Elections in Taiwan

The elections in Taiwan each held every four years, typically in January and November. Since 2012 the previously eleven types of elections in Taiwan have been unified into general and local elections. There may also be by-elections. Electoral systems include first-past-the-post, proportional representation, single non-transferable voting, and a parallel mixture of the above.

General elections are held to elect the president and vice president jointly, and the 113 members of the Legislative Yuan. Local elections are held to elect magistrates of counties, mayors of special municipalities, cities, townships and county-administered cities, chief administrators of indigenous districts and village chiefs. Legislative Yuan and local elections are regional; citizens vote based on their registered address.

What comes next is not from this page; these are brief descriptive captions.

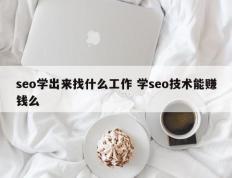 seo学出来找什么工作 学seo技术能赚钱么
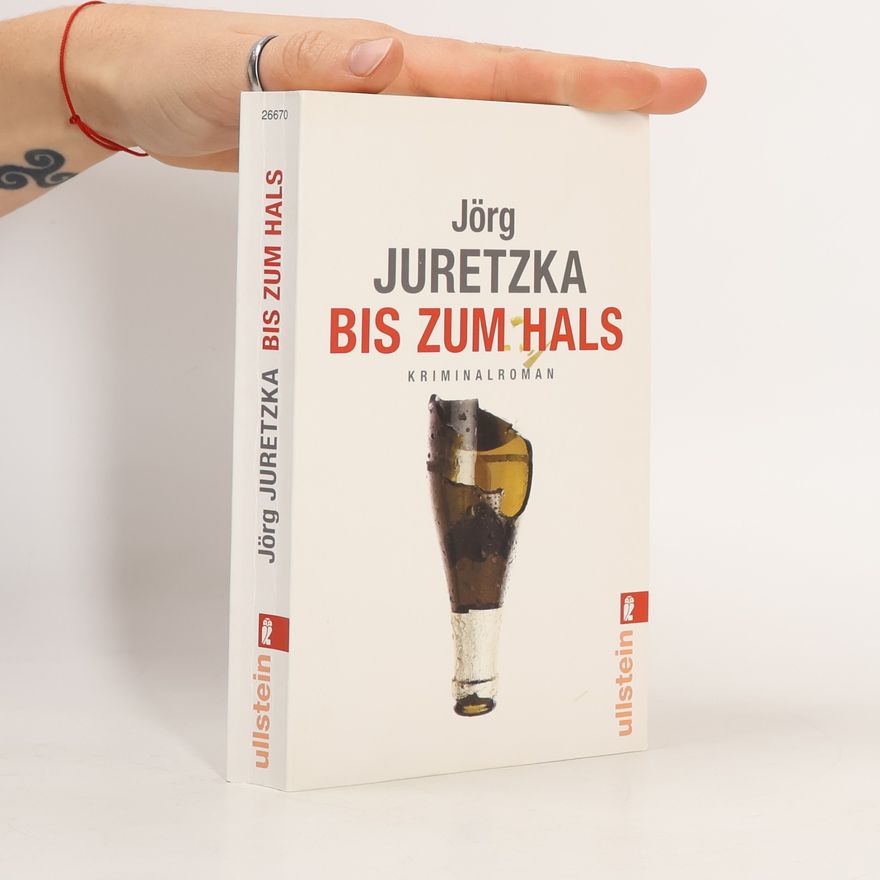 Jörg Juretzka Bis zum Hals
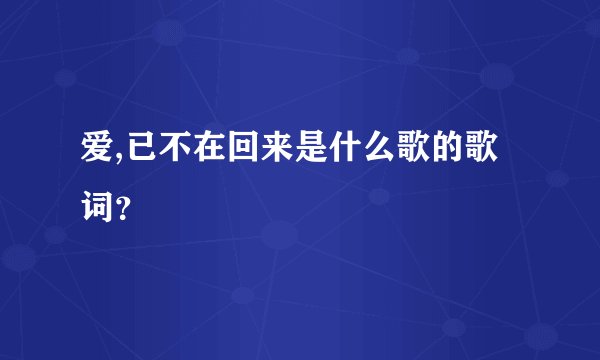 爱,已不在回来是什么歌的歌词？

Elections are supervised by the Central Election Commission (CEC), an independent agency under the central government, with the municipality, county and city election commissions under its jurisdiction. The minimum voting age is twenty years. Voters must satisfy a four-month residency requirement before being allowed to cast a ballot.[1]

Taiwan was ranked second most electoral democracy in Asia according to V-Dem Democracy indices in 2023.[2][3] Taiwan scored 0.831 on the V-Dem Democracy electoral democracy index in 2023.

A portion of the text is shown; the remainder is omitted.